This is what the mzip
operation does.
3.3 Parallel composition of resumptions
If we have two resumptions, we can compose them to run in sequence either using the do
notation or
using a monad comprehension with two generators. To run them in parallel, we need to implement
interleaving of the steps as shown in the next snippet:
instance Monad m => MonadZip (Resumption m) where
mzip (Done a) (Done b) = Done (a, b)
mzip sa sb = Step [ mzip a b | a <- step sa, b <- step sb ]
where step (Done r) = return $ Done r
step (Step sa) = sa
The result of mzip
is a resumption that consists of multiple steps.

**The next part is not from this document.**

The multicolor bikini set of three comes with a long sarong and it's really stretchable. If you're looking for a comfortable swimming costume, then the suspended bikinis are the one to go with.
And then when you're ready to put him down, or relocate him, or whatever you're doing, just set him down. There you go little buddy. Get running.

In each step, it performs
one step of both of the resumptions given as arguments. When it reaches a state when both of the
resumptions complete and produce results, it returns a tuple containing the results using Done
.
A step is performed using an effectful step
function. To keep the implementation simple, we keep
applying step
to both of the resumptions and then recursively combine the results. Applying
step
to a resumption that has already completed isn't a mistake. This operation doesn't do
anything and just returns the original resumption (without performing any effects).
Once we define mzip
, we can start using the parallel comprehension syntax for working with
resumptions. The next snippet demonstrates two ways of composing resumptions. In both examples, we
compose a computation that prints "meow" two times and then returns "cat" with a computation
that prints "woof" three times and then returns "dog":
animalsSeq =
[ c ++ " and " ++ d
| c <- printLoop "meow" 2 "cat"
, d <- printLoop "woof" 3 "dog" ]
animalsPar =
[ c ++ " and " ++ d
| c <- printLoop "meow" 2 "cat"
| d <- printLoop "woof" 3 "dog" ]
The only difference between the two examples is that the first one composes the operations using multiple generators (separated by comma) and the second one uses parallel comprehensions (separated by bar).

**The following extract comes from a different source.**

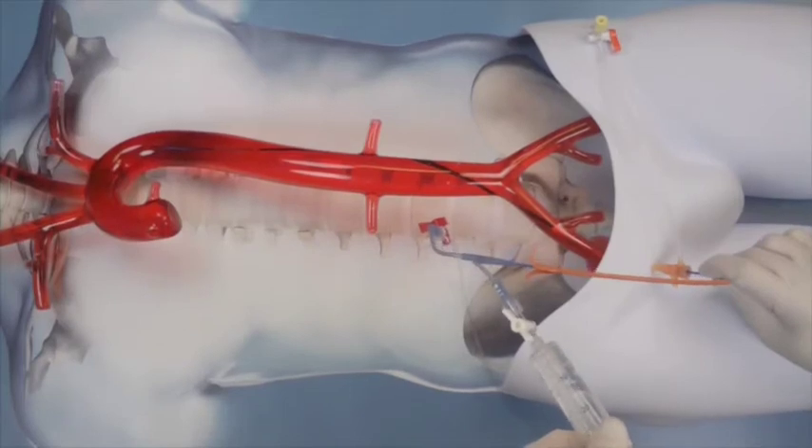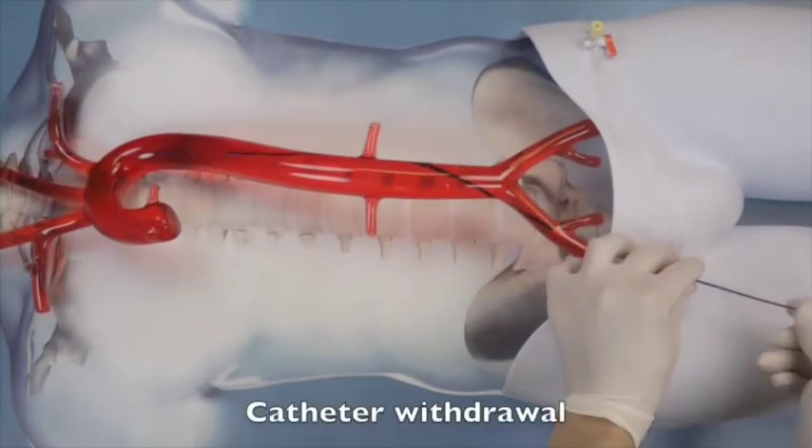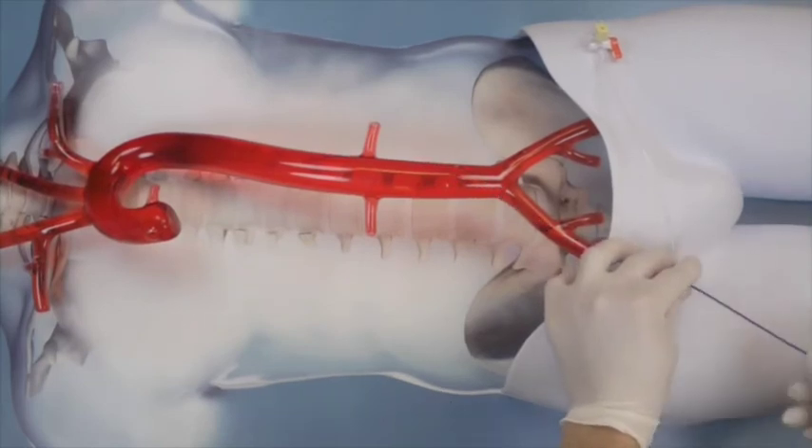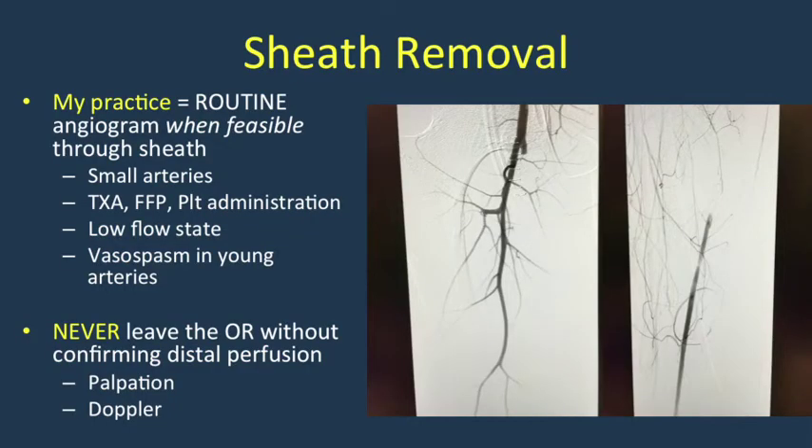Once the case is completed and surgical control of hemorrhage is achieved, balloon removal is quite simple — it is maximally deflated and extracted through the 7 French sheath. Comparatively, sheath removal can be a more concerning process.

When you run the first example, the program prints meow, meow, woof, woof, woof and then returns a string "cat and dog". The second program interleaves the steps of the two computations and prints meow, woof, meow, woof, woof and then returns the same string.
4 Composing computations in parallel
In the previous section, we used the parallel comprehension syntax to create computations that model parallelism using resumptions. Resumptions can be viewed as lightweight cooperative threads. They are useful abstraction, but the simple implementation in the previous section does not give us any speed-up on multi-core CPU. This section will follow a similar approach, but we look at how to implement actual parallelism based on evaluation strategies.
Marlow et al. [13] introduced an Eval
monad for explicitly
specifying evaluation order. I will start by briefly introducing the monad, so don't
worry if you're not familiar with it already. I'll then demonstrate how to define a
MonadZip
instance for this monad. This way, we can use the parallel
comprehension syntax for actually running computations in parallel.
4.1 Introducing the evaluation-order monad
The evaluation-order monad is represented by a type Eval a
. When writing code inside the monad,
we can use several functions of type a -> Eval a
that are called strategies. These
functions take a value of type a
, which may be unevaluated, and wrap it inside the monad.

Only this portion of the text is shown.